The depicted process details the steps taken in developing a CPC education and training standard framework. The framework details levels of knowledge, skills and performance that are considered to help health care workers deliver safe, effective and achievable practice. It provides guidance on course content to educationalists; ensuring a standardised curriculum content but with flexibility of delivery and assessment. Development of the Framework involved systematically identifying and then mapping information around assessment credit and quality, CPC competency documents and training programmes. Examples used to inform the Universal Framework level are shown in Table 1.

Table 1 Examples of resources used to inform the Universal Framework level

Four sections depicting the expected levels of developing knowledge and skills: Public Health, Universal, Core and Specialist were identified (Table 2).

Table 2 Framework Levels

The four levels, designed to be accessed by people from different professional background, or no professional background, can be viewed as standalone or incremental steps. The number of levels required would be determined by a person’s role and work, for example a specialist children’s palliative care practitioner may require all 4 levels. Children’s palliative care as a public health issue is addressed in the Public Health level. The Universal level addresses the needs of people working in settings where palliative care is provided to children and their families. The Core level provides education standards for use by all professional groups working directly with children with palliative and end of life care needs. This professional group would regularly deliver direct care to these children and their families but may also work with children with other health, social and educational needs.

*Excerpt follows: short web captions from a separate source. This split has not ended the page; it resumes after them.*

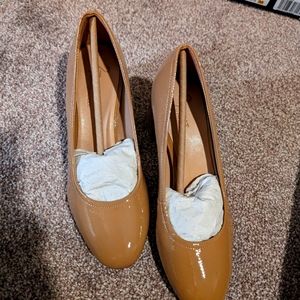 Naturalizer 27 Edit Rebecca Taupe crinkle patent leather pump 5.5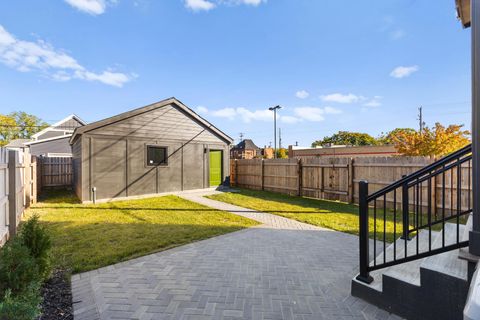 Tiny photo for 338 S Ohio Avenue, Columbus, OH 43205 (MLS # 225039670)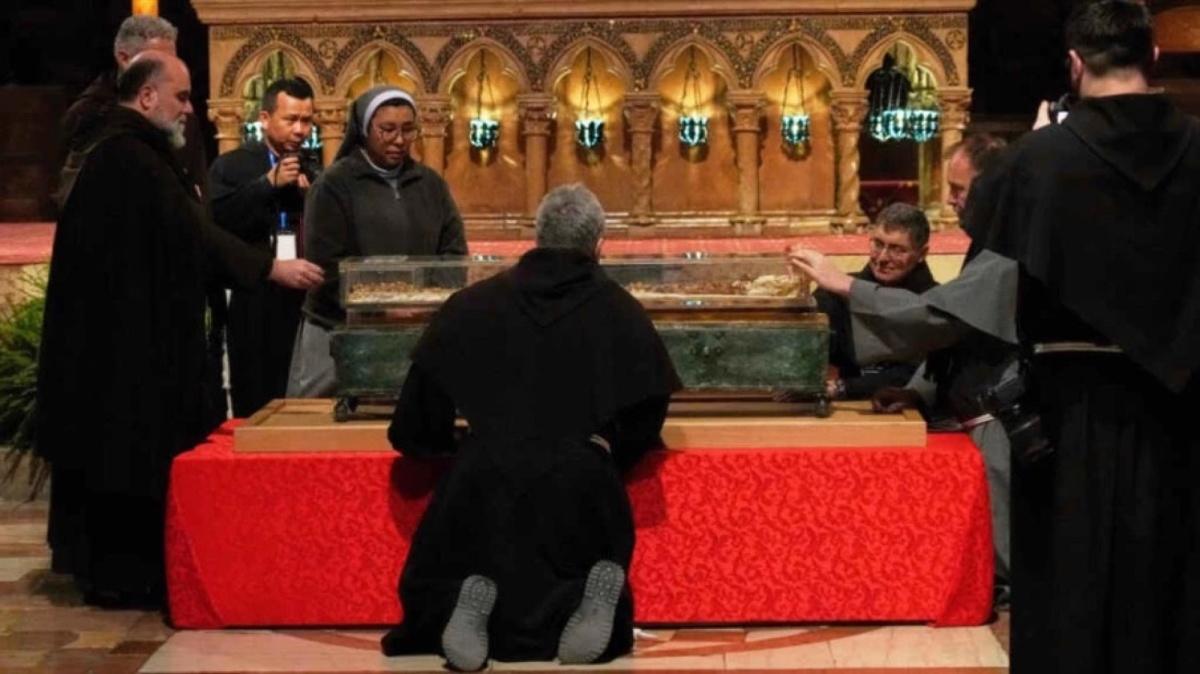 «سان فرنسيس يعيش»: إيطاليا تكشف للمرة الأولى رفات فقير أسيزي في ذكرى رحيله الثمانمئة 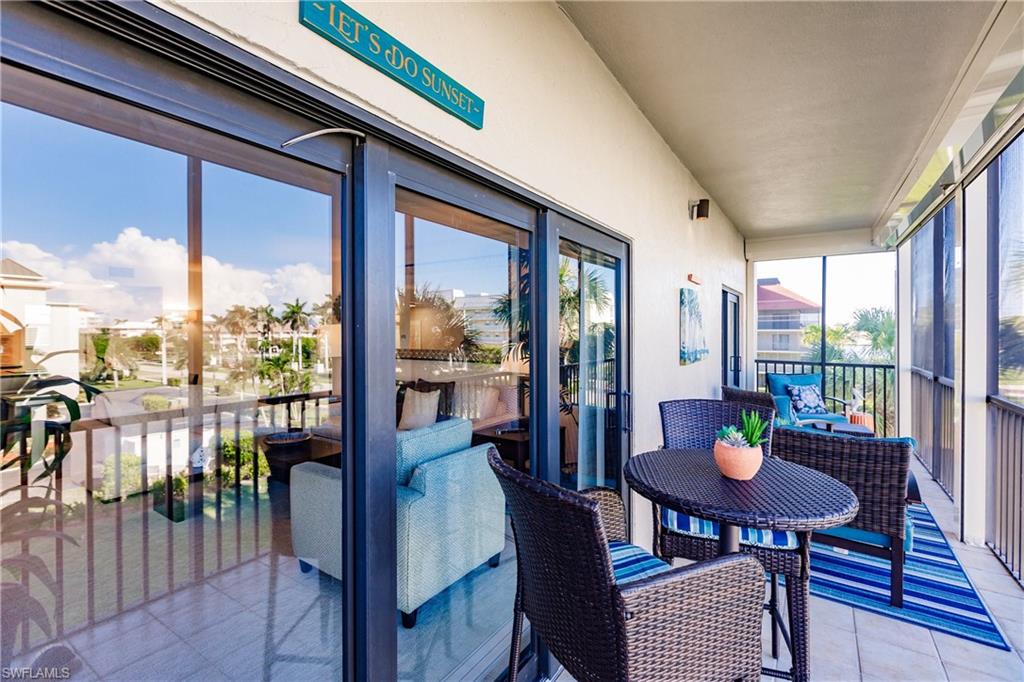960 Swallow AVE Unit: 303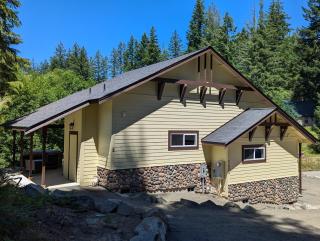 Gnome Home - Packwood - 8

The final level, Specialist, focuses on leadership and management of children’s palliative care encompassing clinical, research, education and management leadership.

The intended learning outcomes were informed by collated competencies and frameworks such as a UK competency framework developed for all health care professionals involved in the provision of palliative care to infants, children and young people [23], Core Competencies for Education in Children’s Palliative Care [10] and the Combined Curriculum in Paediatric Palliative Medicine [25]. The learning outcomes describe the knowledge and skills that should be achieved on completion of a programme of learning (Table 3) ensuring a standardised approach.

Table 3 Extract from the Core level of the Framework

Each learning outcome develops incrementally across the 4 levels. For example, at Public Health level the expectation around communication for learners would be to: ‘Gain an appreciation of both ‘helpful’ and ‘unhelpful’ patterns of communication with children and their carers who are living with life-limiting/life threatening conditions and those who have experienced a bereavement.’ This contrasts with expectation at Specialist level: ‘Analyse cultures and patterns of communication in managing complex issues and in children’s palliative and end of life care.’

The suggested examples columns were included to help educationalists constructively align their programmes of learning. Once the learning outcomes had been agreed, suggested assessment exemplars were written (Table 3) ensuring constructive alignment of teaching and learning and assessment criteria to the identified learning outcomes [26].

An audit tool (Table 4) was then developed for each of the 4 framework levels primarily to enable education leads to review their course/module. The tool details how the course/module was aligned to the learning outcomes, methods of assessment and any changes undertaken since it was last run. The tool also contains a section for student feedback and a development action plan. There are sections to review each learning outcome in turn: educationalists can reflect on the delivered content (what was taught and how it was taught) and how it was assessed (for example a written or on-line multiple-choice exam or practical exam, such as an objective structured clinical examination). The third column is for recording any revisions that were made to the course delivery. The development action plan details developments required, anticipated outcome(s) from improvements, actions to be undertaken to achieve these and the lead responsible for taking this work forward.

Table 4 Audit tool extract

A final mapping review and sense check of all the documents was undertaken by SN and DR.

Discussion

We believe this is the first attempt to coordinate education programmes not just across different aspects of children’s palliative care, but across disciplines and professional groups as well as including lay carers working in palliative care organisations. Guidance and templates can be downloaded and completed audits uploaded to the ICPCN website [27].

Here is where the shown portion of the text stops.